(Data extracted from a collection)
/---

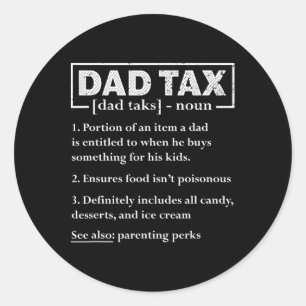 Tax Funny Dad Tax Definition Father's Day Classic Round Sticker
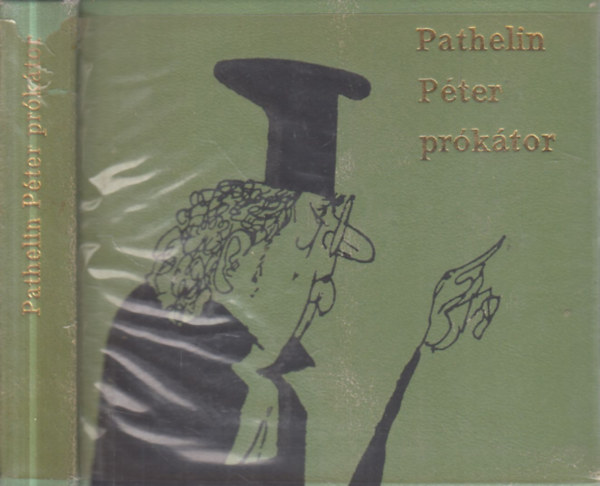 Pathelin Péter prókátor (számozott, törpekönyv)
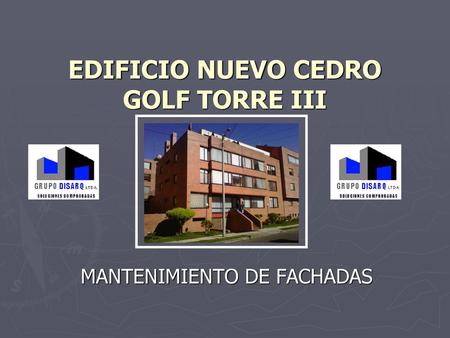 EDIFICIO NUEVO CEDRO GOLF TORRE III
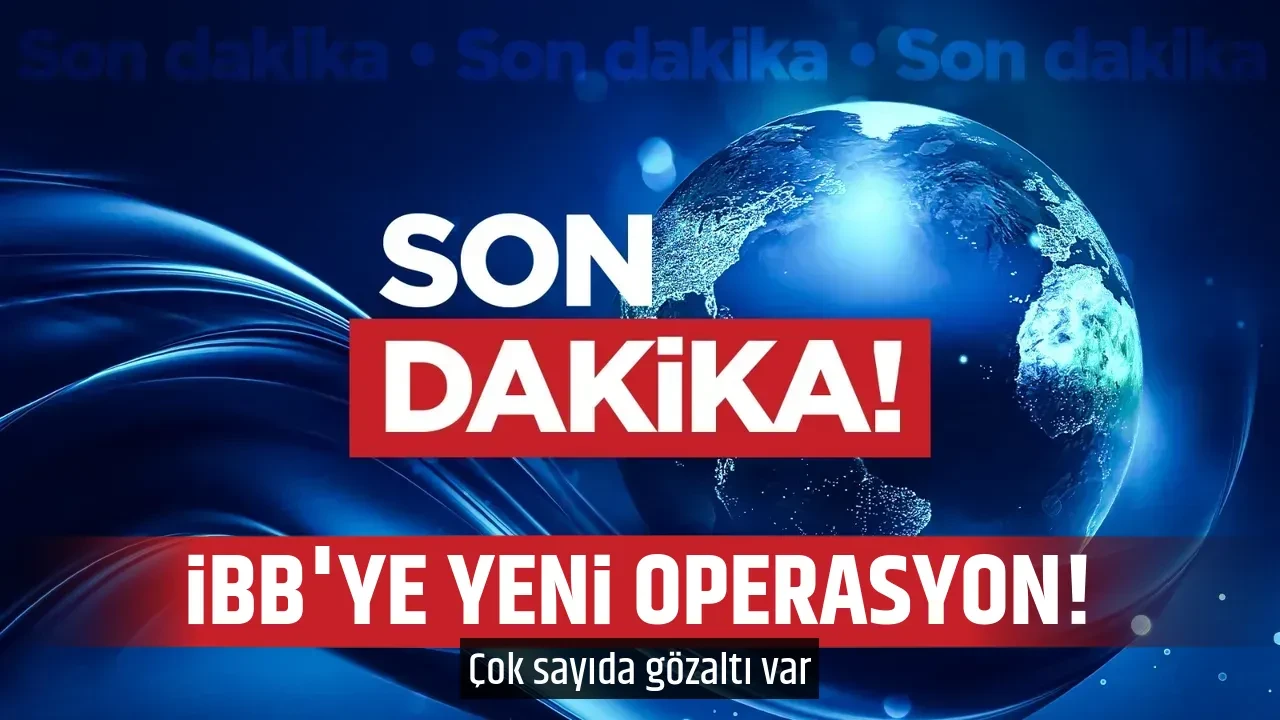 İBB'YE YENİ OPERASYON! 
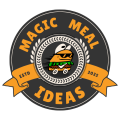 MAGIC MEAL IDEAS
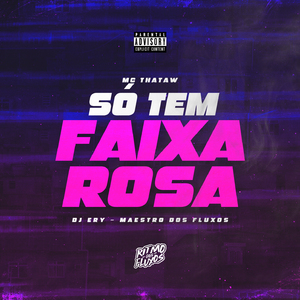 Só Tem Faixa Rosa
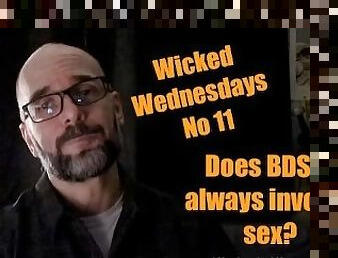 Wicked Wednesdays No 11 "Does BDSM always involve Sex?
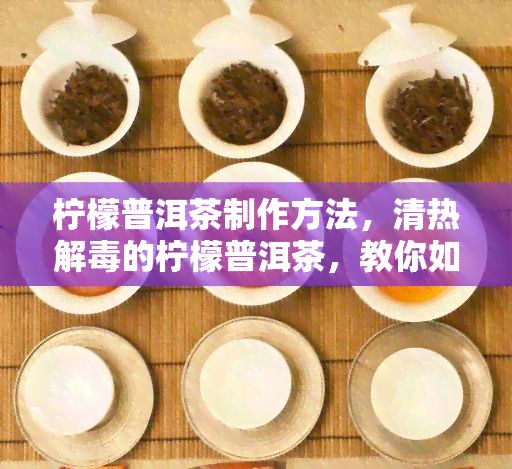 檸檬普洱茶制作方法，清熱解毒的檸檬普洱茶，教你怎樣輕松泡制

\---

__Task to carry out__:
Transcription of the lines from the one with "Wicked Wednesdays No" through the end of the entries is required, exact and with no pictures.

__Written solution__:
 Wicked Wednesdays No 11 "Does BDSM always involve Sex?
 檸檬普洱茶制作方法，清熱解毒的檸檬普洱茶，教你怎樣輕松泡制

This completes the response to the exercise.